Thousands of people queued through the night braving torrential downpours to take part in the historic mass, the first celebrated by Francis on African soil.
The 78-year-old pontiff received a tumultuous welcome as he arrived in an open-topped Popemobile, smiling and waving as worshippers cheered, ululated and raised their hands in the air.
At least 200,000 people crammed into the park at the University of Nairobi, Kenyan media said, in the pope’s first major public appearance on a six-day trip which will also take him to Uganda and Central African Republic (CAR).
“It is beautiful,” beamed a nun called Sister Rachel. “We all sat through the rain and were not worried.”
“This is a very important moment in my life because I’ve never had the chance of attending a papal mass,” said another pilgrim called Paul Ndivangu who arrived three hours before dawn after travelling 200 kilometres (120 miles) from the northern town of Nyeri.
But the numbers fell far short of the million people Catholic officials had expected to attend the service, with the weather likely keeping many away.
In some places, so many people tried to enter the grounds that security forces were overwhelmed and could be seen using sticks to beat people back as they surged through the gates, an AFP correspondent said.
As the rain fell, a sea of brightly-coloured umbrellas popped up, stretching as far as the eye could see, some in the white and gold of the Vatican flag.
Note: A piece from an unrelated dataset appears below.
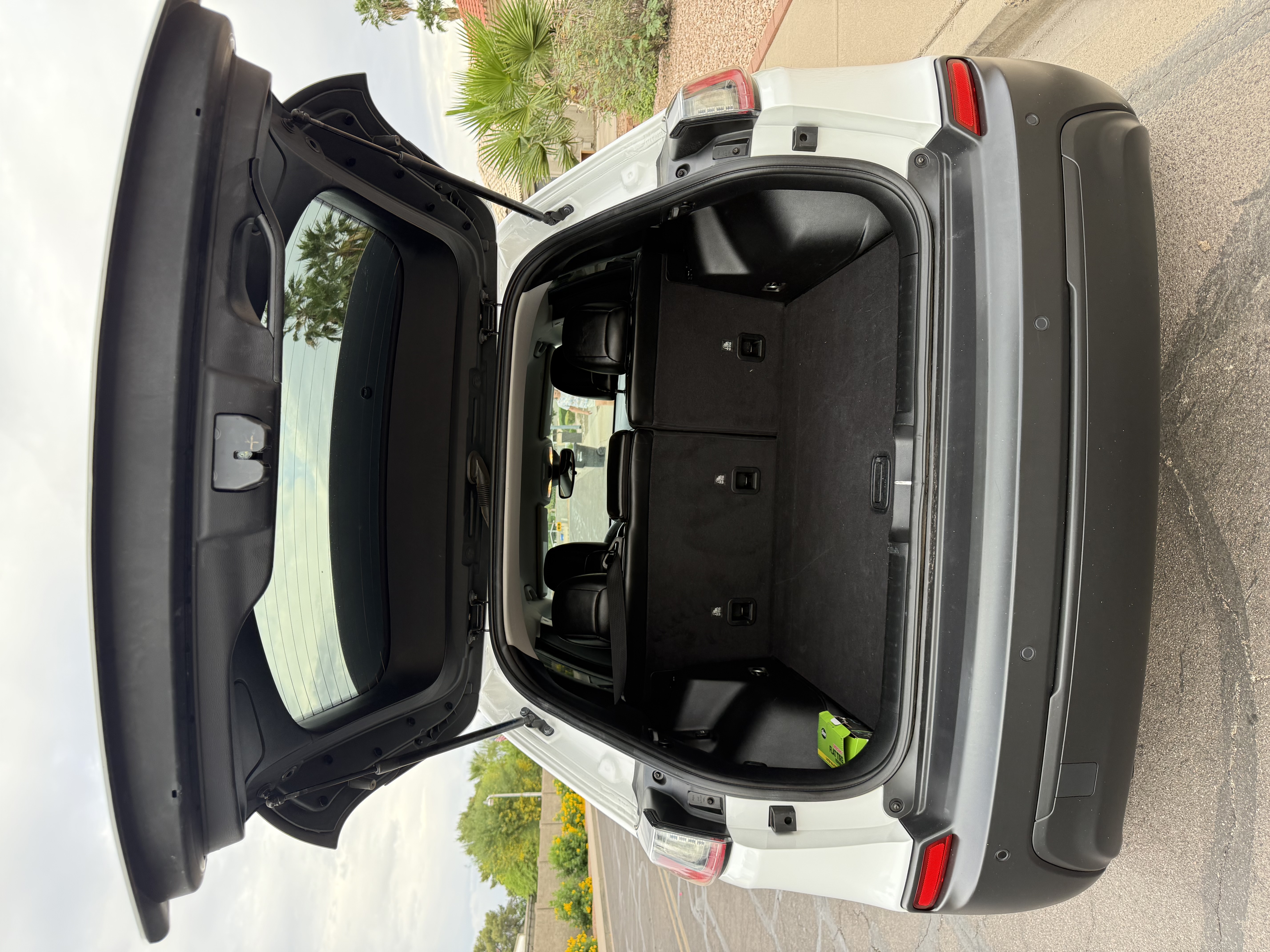 Used 2020 Jeep Cherokee Latitude Plus w/ Advanced Safety Group FWD image 5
Throughout the mass, punctuated by bouts of joyful singing and dancing, there were prayers in Swahili, the national language, as well as in other local dialects such as Maasai, Borana and Turkana.
Over his traditional white robes, the pope wore a garment embroidered with Maasai-style beading specially made for him by a group of tailors living in Kangemi slum which he will visit on Friday.
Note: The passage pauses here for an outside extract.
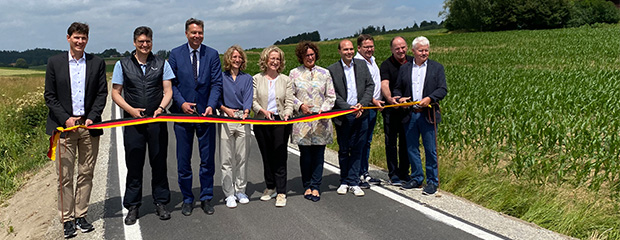 v.l.n.r.: Stefan Leitner, Maximilian Heimerl, Stephan Mayer, Veronika Nies, Monika Maier, Dr. Petra Loibl, Florian Oßner, Daniel Hobmaier, Johann Ziegleder und Erwin Baumgartner,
And when he ended his address with a few words in Swahili — “God bless you, God bless Kenya” — it drew thunderous applause.
“He encouraged us as families, as a nation and as different tribes and religions to work together and build our foundation on the rock which is God,” said Peter Gachui, a local businessman who described the pope’s address as “marvellous.”
“I will remember that all my life.”
Speaking just days before the start of a key UN climate conference in the French capital, the pope delivered a powerful message, warning about the “grave environmental crisis” facing the planet.
“In a few days an important meeting on climate change will be held in Paris… It would be sad, and I dare say even catastrophic, were particular interests to prevail over the common good and lead to manipulating information in order to protect their own plans and projects,” he said ahead of the summit beginning on November 30.
“We are confronted with a choice which cannot be ignored: either to improve or to destroy the environment,” he said in an address at the headquarters of the United Nations Environment Programme (UNEP).
The pontiff also called for global action against the illegal trafficking of blood diamonds, ivory and other natural resources, warning it fuelled political instability and “terrorism”.
Earlier, as he met with leaders of different faiths, Francis also spoke out against the radicalisation of young people and “barbarous attacks” carried out in the name of religion.
“All too often, young people are being radicalised in the name of religion to sow discord and fear, and to tear at the very fabric of our societies,” the pope said nearly two weeks after young jihadists, many of them French, killed 130 people in a gun and suicide attacks in Paris.
Kenya has suffered numerous attacks since sending its army into neighbouring Somalia in 2011 after a string of kidnappings it blamed on Al-Qaeda’s East Africa branch, the Shebab.
The leader of the world’s 1.2 billion Catholics has also urged Kenya’s leaders to work with “integrity and transparency” and to battle inequality in comments alluding to the corruption and inequality that blights the country.